Muito bom o artigo. São atitudes simples que todo bom programador precisaria ter, mas como a presa é inimiga da perfeição, deixamos de lado certos princípios que poderiam nos ajudar muito num futuro próximo. Parabéns!
Olá !
Muitos avisos interessantes para os marinheiros de primeira viagem ou mesmo relaxados no desenvolvimento, mas não concordo onde vc instrui à construir novos frameworks de tratamento de datas, ou validadores,etc… Hoje em dia, é muito difícil não encontrar algo pronto e maduro que não sirva para vc.
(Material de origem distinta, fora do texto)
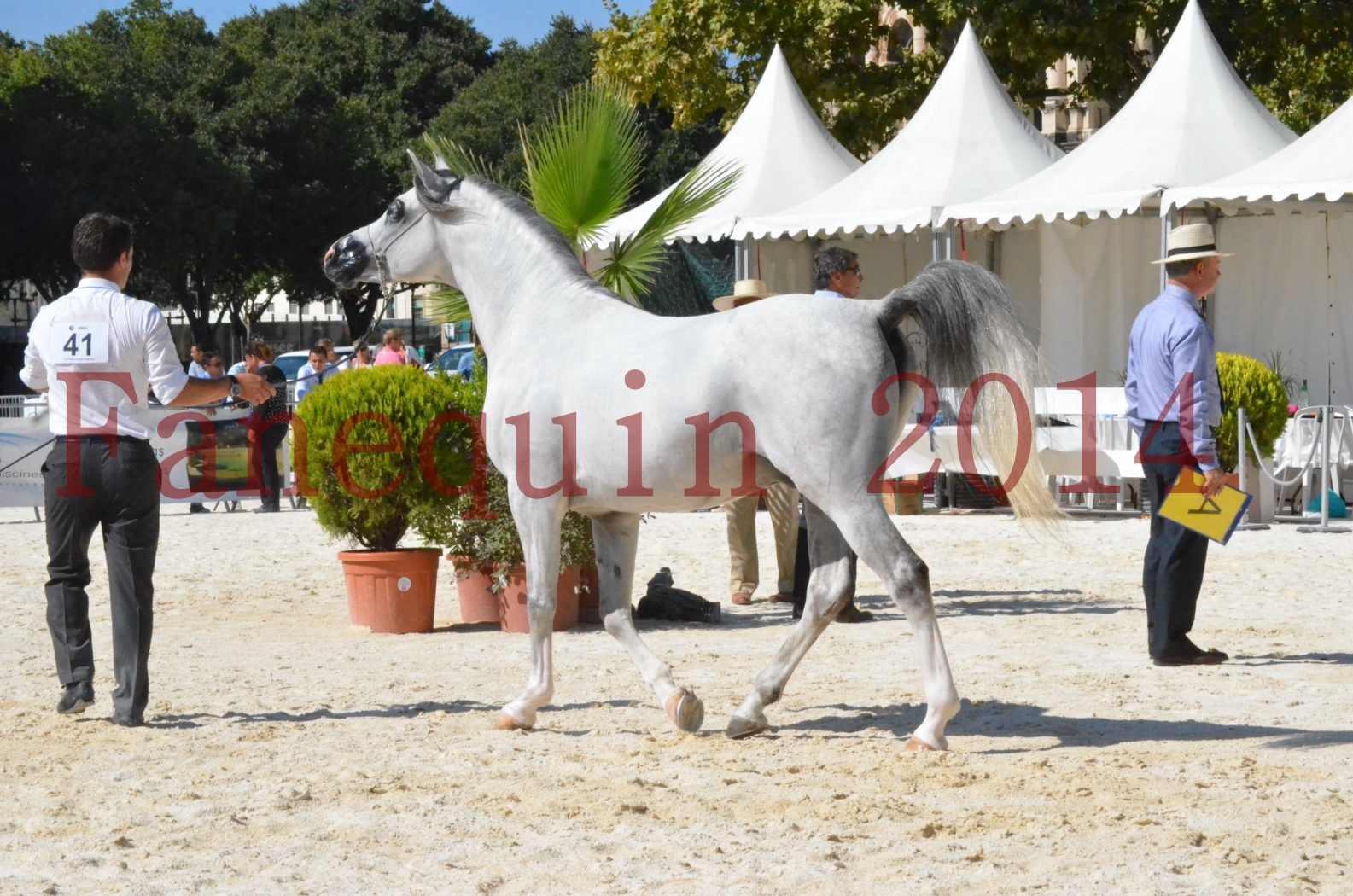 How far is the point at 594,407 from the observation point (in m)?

O maior problema que encontro nos projetos que passo, é exatamente os desenvolvedores fazerem seus próprios frameworks, incluir essas horas durante o desenvolvimento e não entregar nada de valor para o cliente e culpar o Java como sendo uma linguagem de desenvolvimento lenta.
Construir esses frameworks para tecnologias mais comuns, deixe para fazer em casa, em sessões de Dojos, pq no trabalho o que faz um cara bom é entregar software de valor para o cliente.
[]’s
Excelente artigo. Direto ao ponto e realmente recheado de dicas importantes.
A mensagem que deve ser entendida não é “faça seu próprio framework”, porque isso é dificil. Sobretudo no assunto datas e tempos. Sempre que possivel use frameworks já prontos. Eu mencioneio o Joda-Time, Apache Validation e o Hibernate, por exemplo. A mensagem é “não use frameworks de terceiros diretamente” , tente sempre encapsulá-los numa API sua. Isto porque eles sendo bons , não são perfeitos , e alguns são bem trabalhosos (o JFreechart por exemplo) , alguns fazem coisas que não são intuitivas, como o Hibernate. Então, uma API sua, sempre pode ser usada para limar essas arestas.
Fantástico artigo, parabéns mesmo. Poucas coisas não concordei, beeeeeeem poucas coisas.